Will you quote only the lines starting at the one that contains "Building Photo - 5410 Belle Vista Ave" and ending with the last line of the listing below, inclusive?

[MATERIAL FOR THE TASK — start]

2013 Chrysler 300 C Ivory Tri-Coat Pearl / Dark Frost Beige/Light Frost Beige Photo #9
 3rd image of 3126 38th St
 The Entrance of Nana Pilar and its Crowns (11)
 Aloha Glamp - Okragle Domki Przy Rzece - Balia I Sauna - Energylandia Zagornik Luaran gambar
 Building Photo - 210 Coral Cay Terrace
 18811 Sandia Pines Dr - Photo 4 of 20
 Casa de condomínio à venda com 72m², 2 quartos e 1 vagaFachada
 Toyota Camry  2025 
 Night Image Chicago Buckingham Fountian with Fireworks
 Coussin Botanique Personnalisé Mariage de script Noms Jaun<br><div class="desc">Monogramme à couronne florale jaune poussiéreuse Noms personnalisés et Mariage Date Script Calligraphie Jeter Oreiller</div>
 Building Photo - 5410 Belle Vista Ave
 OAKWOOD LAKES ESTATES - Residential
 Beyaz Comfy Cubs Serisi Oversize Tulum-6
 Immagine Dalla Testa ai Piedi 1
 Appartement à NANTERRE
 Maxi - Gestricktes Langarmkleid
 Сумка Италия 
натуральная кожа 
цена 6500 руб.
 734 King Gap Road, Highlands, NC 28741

[MATERIAL FOR THE TASK — finish]

### SOLUTION FOR THIS PROBLEM
 Building Photo - 5410 Belle Vista Ave
 OAKWOOD LAKES ESTATES - Residential
 Beyaz Comfy Cubs Serisi Oversize Tulum-6
 Immagine Dalla Testa ai Piedi 1
 Appartement à NANTERRE
 Maxi - Gestricktes Langarmkleid
 Сумка Италия 
натуральная кожа 
цена 6500 руб.
 734 King Gap Road, Highlands, NC 28741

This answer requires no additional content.